-- Data provided --

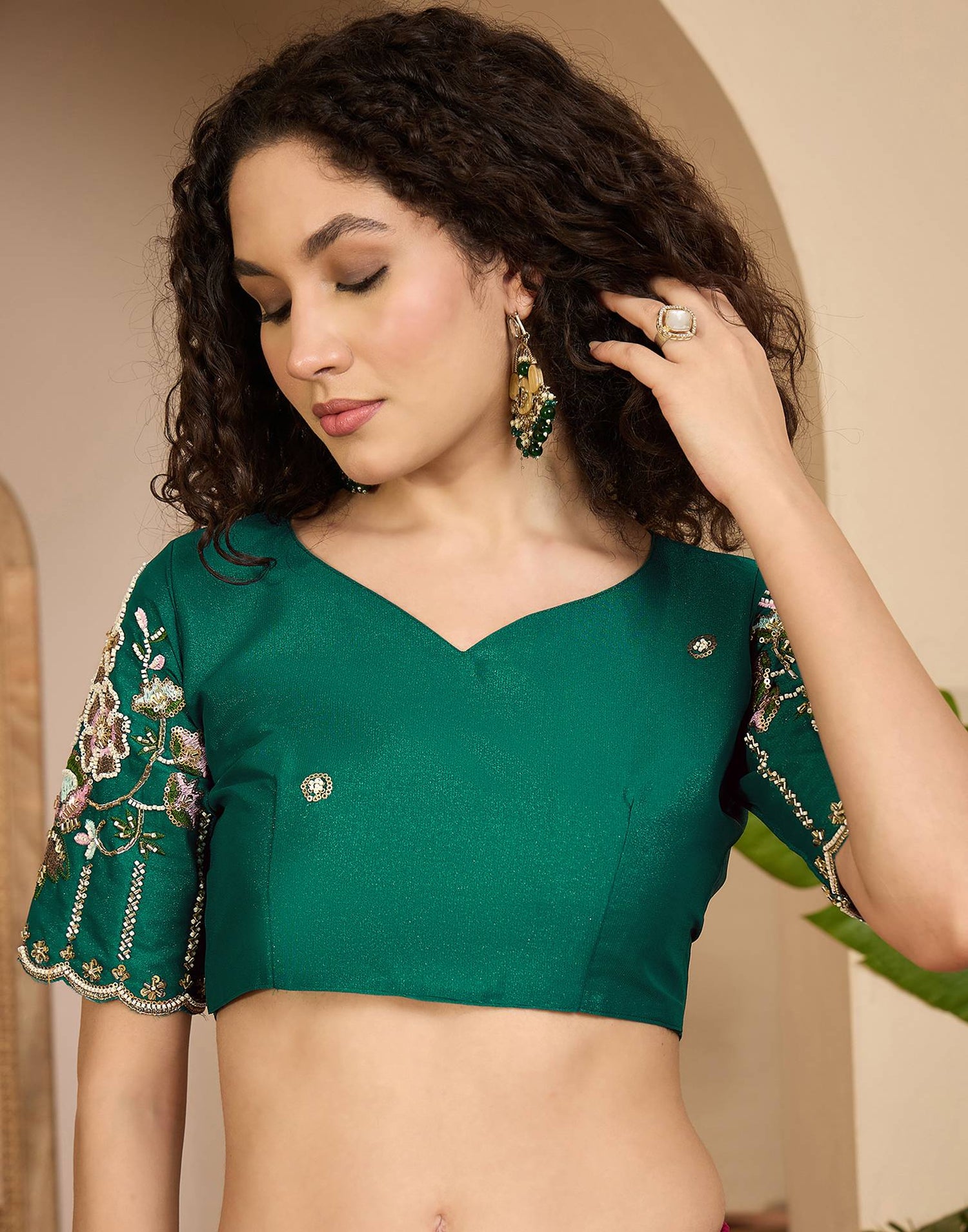 Dark Rani Pink Shimmer Stone Work Embellished saree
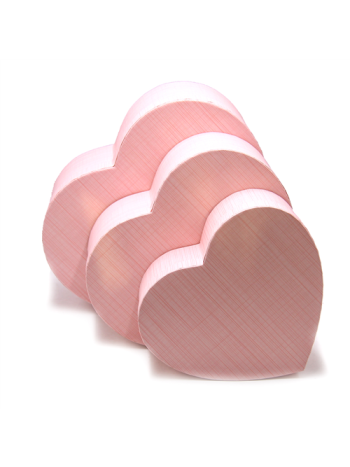 PAPÍRDOBOZ SZÍV 3 DB 1/16 31x28-5x13-5; 27x24-5x11-5; 22-5x20-5x9-5 cm RÓZSASZÍN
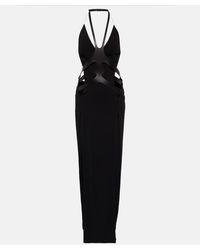 Dion Lee - Cutout Leather-Trimmed Halterneck Gown - Lyst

-- Assignment --
The whole listing above is to be printed again exactly; pictures stay out of it.

-- Solved exercise --
 Dark Rani Pink Shimmer Stone Work Embellished saree
 PAPÍRDOBOZ SZÍV 3 DB 1/16 31x28-5x13-5; 27x24-5x11-5; 22-5x20-5x9-5 cm RÓZSASZÍN
 Dion Lee - Cutout Leather-Trimmed Halterneck Gown - Lyst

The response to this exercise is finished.